Indie authors are innovators.
After reading a blog post written by Su (@Sirra_girl), The Ugly Side of Indie Publishing on Videlicet Productions, I didn’t hesitate in adding my two cents worth by way of a comment. However, as good as the post was, it was a comment from @remittancegirl that really caught my attention.
‘Traditional publishers, with few exceptions, publish book after book of safe, tired, formulaic crap in an effort to do that trick again and again. They have become a serious inhibition to cultural growth, not the promoters of it as they once were.’
In my mind, this encapsulates exactly why self-publishing and Indie writers are a great new pool of talent for readers. I’m really quite tired of the quality debate, as with any product available on the market there is good and bad. That’s the consumer’s responsibility to decide at the time of purchase. Almost without exception, any book or ebook available has a preview or sample feature for readers to use. Exactly the same process as buying a book in a bookstore.
In fact, I have just been through the process of deciding on new books to read and from nine samples I downloaded, I selected two books that really looked interesting. One book is self-published, and another from a very small publisher. I have started the first and can say I am extremely pleased with my choice.
Probably the most common complaint I hear about Indie/self-published books is the topic of the odd, or maybe not so infrequent typo or formatting error and have covered this point in previous posts. What I would reiterate though is that it is simply not financially viable for many self-publishers to pay the cost of weeks of professional line editing. But in defence of the self-published Indie, I know how much work and effort many writers that I know put into preparing their manuscripts. Whether it be by paying for an editor or proofreader, using beta readers or friends to help, the editing process is long, painstaking and taken very seriously.
I do agree, however, that those self-published writers who skip this step and publish error-ridden manuscripts in their haste to be published cast a dark shadow over the good and great self-published books.
In reality, though, we all know that even after slaving away for weeks or even months, there will be the odd typo that gets missed. Well, so what? This even happens after expensive line editing by professionals. If a text is riddled with errors, it will be clear from a sample or preview so I would agree, do not buy it. But the odd typo is no excuse not to enjoy a good read and has never stopped me from enjoying a well-crafted story, of which I have now read many be Indie writers.

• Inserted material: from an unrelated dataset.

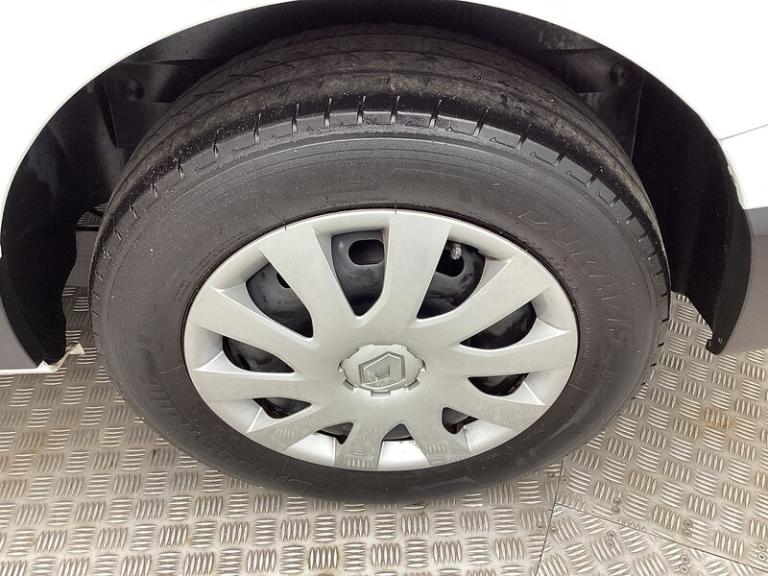 2022 Renault Trafic dCi Blue LL30 Business+ LWB L/R A/C Euro 6 LWB Panel Van Diesel Manual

From my perspective, it is the new authors, Indies and self-publishers that are bringing fresh ideas and powerful stories to print. They are the innovators and the ones willing to experiment, try something new and of course accept failure along the way. Unlike the traditional publishers who are treading water and peddling the same-o same-o. If they were selling music, they would probably be very happily still flogging Perry Como, Elvis Presley and Dean Martin. In my local bookstore, the racks are full of titles from The Big Six’. But you know, as much as I love Douglas Adams, I really don’t want to buy his books again. Nor Rankin, nor Rushdie, nor Clavell, nor Follett. And certainly not Sarah Palin. I would prefer Barbara Cartland any day.
Even my wife, who has been a bookstore buyer all her life has become fed up with bookstore offerings and is now using her Kindle as a means to discover new books, new authors and new ideas.
In my opinion, the future of publishing will follow the digital music industry. Small Indie publishers that are now starting to emerge will develop the innovation, imagination, courage, marketing savvy and quality controls to bring great new titles to the market. Giving bright new authors the opportunity to express themselves, but at the same time, having the expertise to prepare a quality product. The ‘Big Six’ will remain of course, but challenged by a few hundred smart Indie publishers, it could revitalise the current stagnation in the industry and bring back cultural growth to literature and reading.